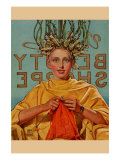 Woman In Curlers Knits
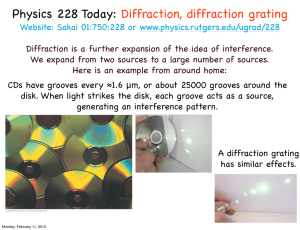 Physics 228 Today: Diffraction, diffraction grating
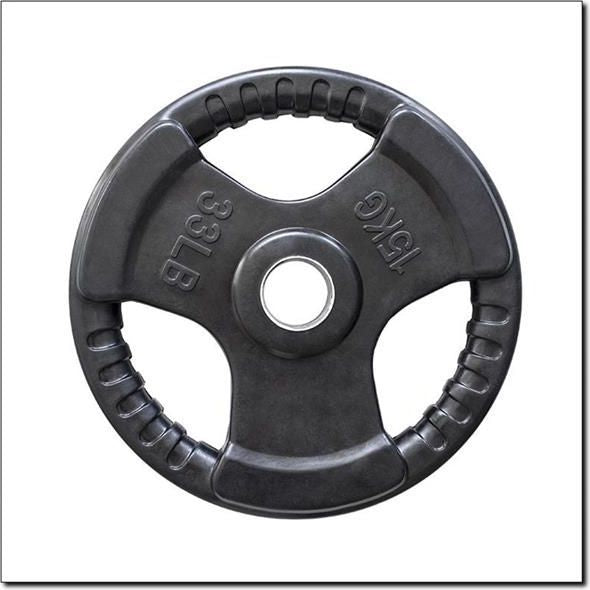 Vektskive i svart metall med tre gripeåpninger og preget tekst "15 KG" og "33 LB", vist rett forfra.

- [WORK ITEM]: Except for the pictures, give all the material above again verbatim.

- [EXERCISE RESPONSE]:
 Woman In Curlers Knits
 Physics 228 Today: Diffraction, diffraction grating
 Vektskive i svart metall med tre gripeåpninger og preget tekst "15 KG" og "33 LB", vist rett forfra.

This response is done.